Eine Einigung werde bald bekannt gegeben, sagte er und fügte hinzu, dass er unter der Bedingung der Anonymität spreche, da er nicht befugt sei, sich öffentlich zu der Angelegenheit zu äußern.
Das Büro des israelischen Ministerpräsidenten Benjamin Netanyahu äußerte sich nicht sofort.
Militärsprecher Brig. General Effie Defrin sagte, das Militär habe keine anderen Anweisungen von der Regierung erhalten und fügte hinzu, dass die israelischen Streitkräfte in einer „vorderen Verteidigungszone“ operierten und dies auch weiterhin tun würden.
US-Präsident Donald Trump und sein iranischer Amtskollege Masoud Pezeshkian haben am Mittwoch ein Abkommen unterzeichnet, das darauf abzielt, den Krieg zu beenden, der am 28. Februar mit amerikanisch-israelischen Angriffen begann.

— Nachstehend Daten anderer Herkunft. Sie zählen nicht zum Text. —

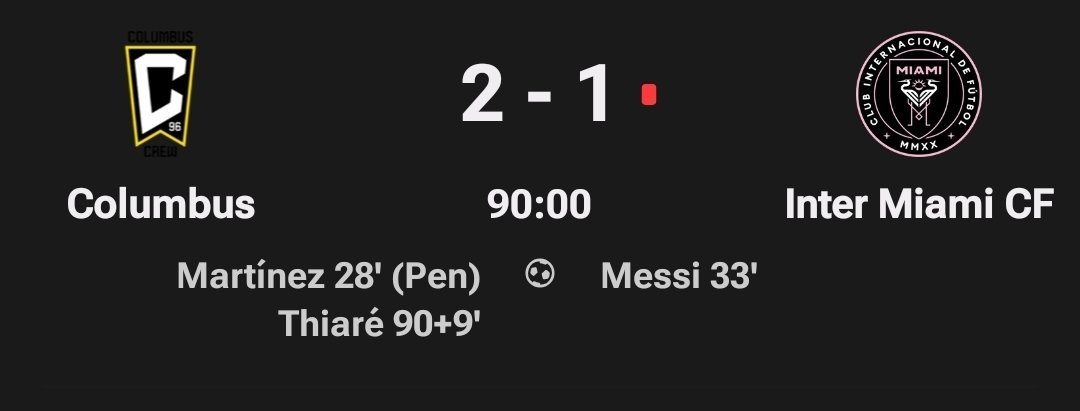 MessiahYaniss16's tweet photo. Inter Miami est sur une série catastrophique de 10 matchs sans victoire en championnat.

Le championnat est a oublié, maintenant faudra juste trouver la formule pour être performant en playoff.

Messi devra juste conserver son titre de meilleur buteur et passeur de MLS. https://t.co/t2w57h0HJk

Iran hat darauf bestanden, dass der Waffenstillstand den Rückzug Israels aus dem Südlibanon einschließen sollte, während Israel behauptete, dass das ursprüngliche Abkommen den Libanon nicht einschloss.
Am Freitag berichtete das israelische Militär, dass vier Soldaten getötet worden seien, was den rechtsextremen israelischen Sicherheitsminister Itamar Ben-Gvir zu der Behauptung veranlasste: „Der gesamte Libanon muss brennen.“
Der israelische Ministerpräsident Benjamin Netanjahu sagte seinerseits, Israel werde „für diese Angriffe einen sehr hohen Preis von der Hisbollah verlangen“ und die israelischen Streitkräfte würden „so lange wie nötig in der Sicherheitszone im Südlibanon bleiben“.
Die israelischen Verteidigungskräfte sagten am Freitag auf X, sie hätten mehr als 80 Hisbollah-Ziele im Südlibanon getroffen und Dutzende Mitglieder der vom Iran unterstützten militanten Gruppe getötet.
Nach Angaben des libanesischen Gesundheitsministeriums töteten israelische Luftangriffe und Bombardierungen am Freitag im Libanon mindestens 47 Menschen, darunter mindestens sieben Frauen und zwei Kinder, und verletzten 97 weitere.
Libanesische Staatsmedien berichteten am Freitag über einen israelischen Luftangriff auf den Süden des Landes, kurz nachdem ein US-Beamter sagte, Israel und die Hisbollah hätten einen Waffenstillstand vereinbart.
Im April wurde bereits ein Waffenstillstand vereinbart, der die Angriffe beider Seiten jedoch nicht stoppte.